**DATA FOR REVIEW:**
◇ ◇ ◇ ◇ ◇ ◇ ◇
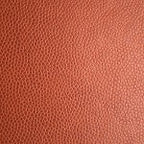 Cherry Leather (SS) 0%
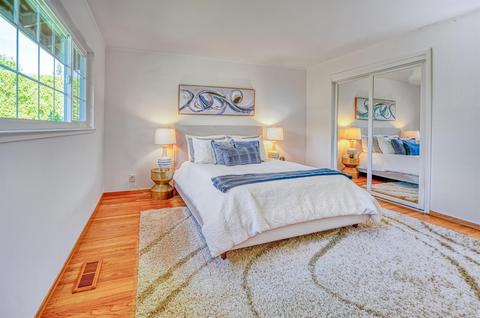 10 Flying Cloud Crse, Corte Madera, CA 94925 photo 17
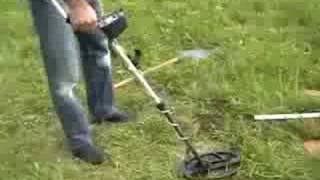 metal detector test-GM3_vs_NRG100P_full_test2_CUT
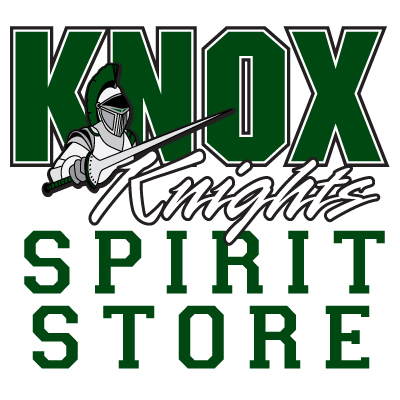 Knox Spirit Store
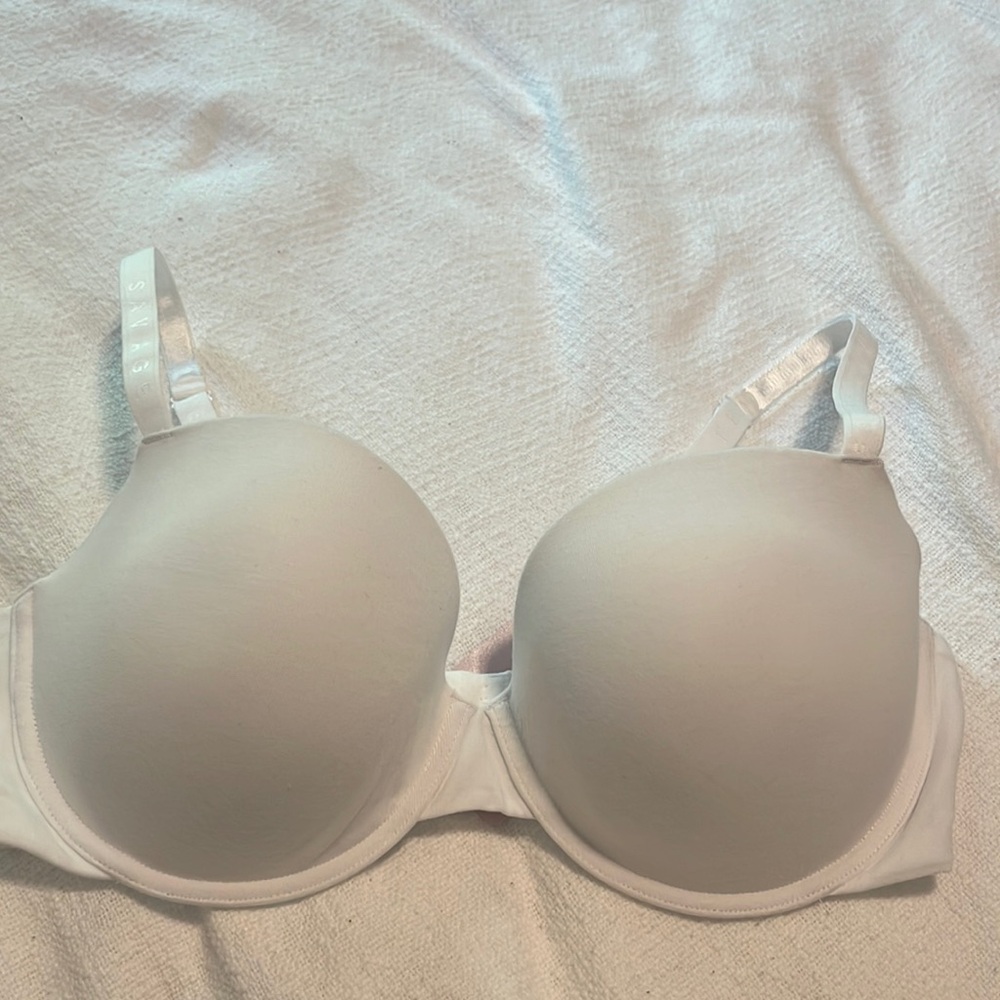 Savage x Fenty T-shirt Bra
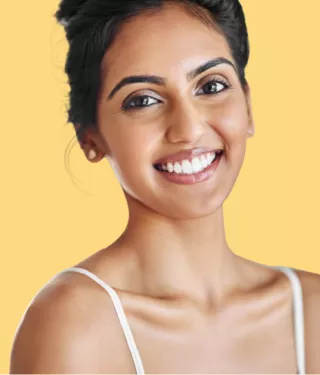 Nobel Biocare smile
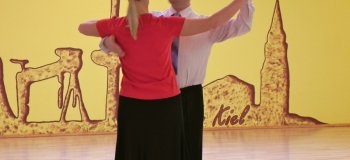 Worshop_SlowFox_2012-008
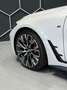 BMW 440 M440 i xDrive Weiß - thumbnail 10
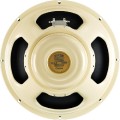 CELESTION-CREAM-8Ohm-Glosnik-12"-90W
◇ ◇ ◇ ◇ ◇ ◇ ◇
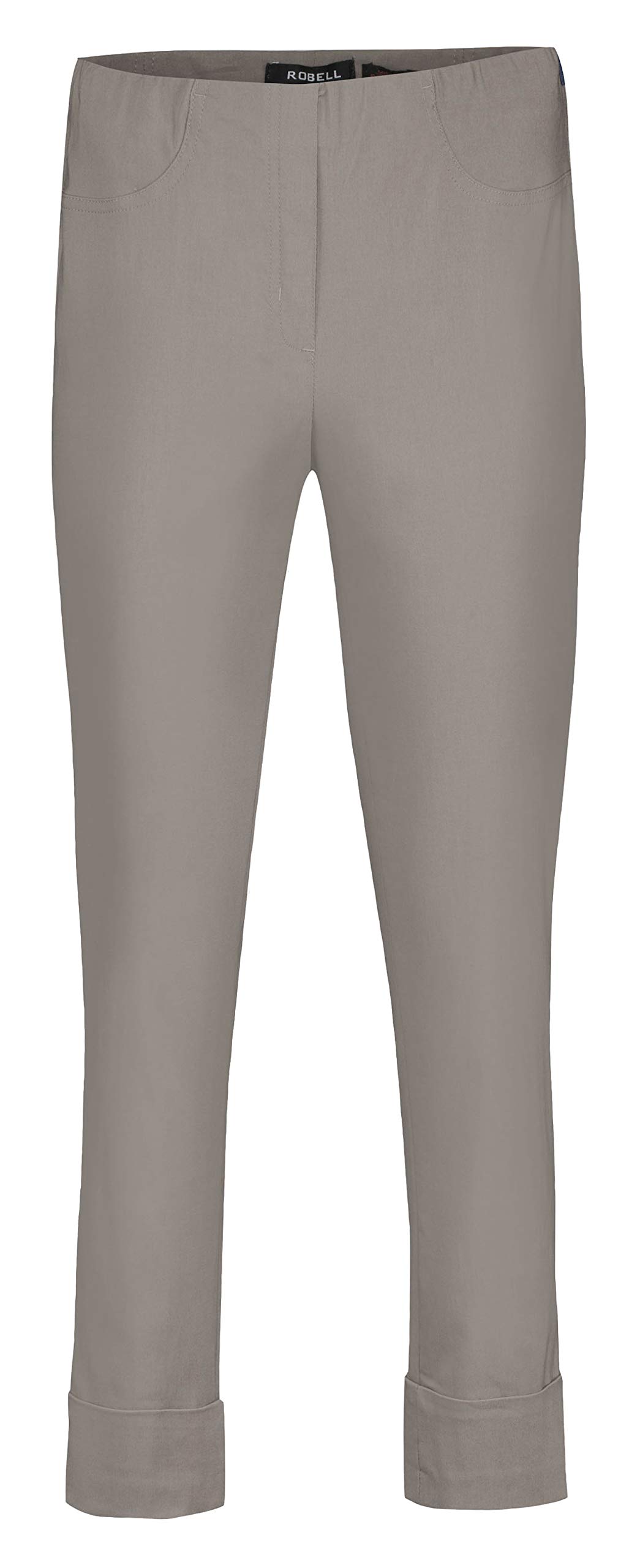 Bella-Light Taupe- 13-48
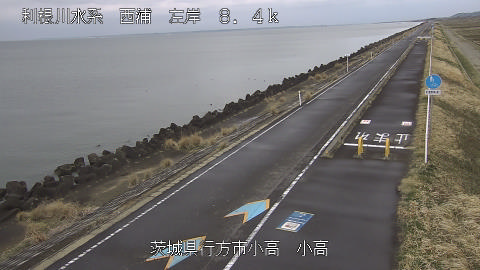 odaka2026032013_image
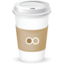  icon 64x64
◇ ◇ ◇ ◇ ◇ ◇ ◇
**WORK REQUIRED:**
Take the material above from the line containing "Cherry Leather (SS) 0%" up to and including the line containing "Worshop_SlowFox_2012-008" and retype it exactly, without any pictures.

**PROBLEM SOLUTION:**
 Cherry Leather (SS) 0%
 10 Flying Cloud Crse, Corte Madera, CA 94925 photo 17
 metal detector test-GM3_vs_NRG100P_full_test2_CUT
 Knox Spirit Store
 Savage x Fenty T-shirt Bra
 Nobel Biocare smile
 Worshop_SlowFox_2012-008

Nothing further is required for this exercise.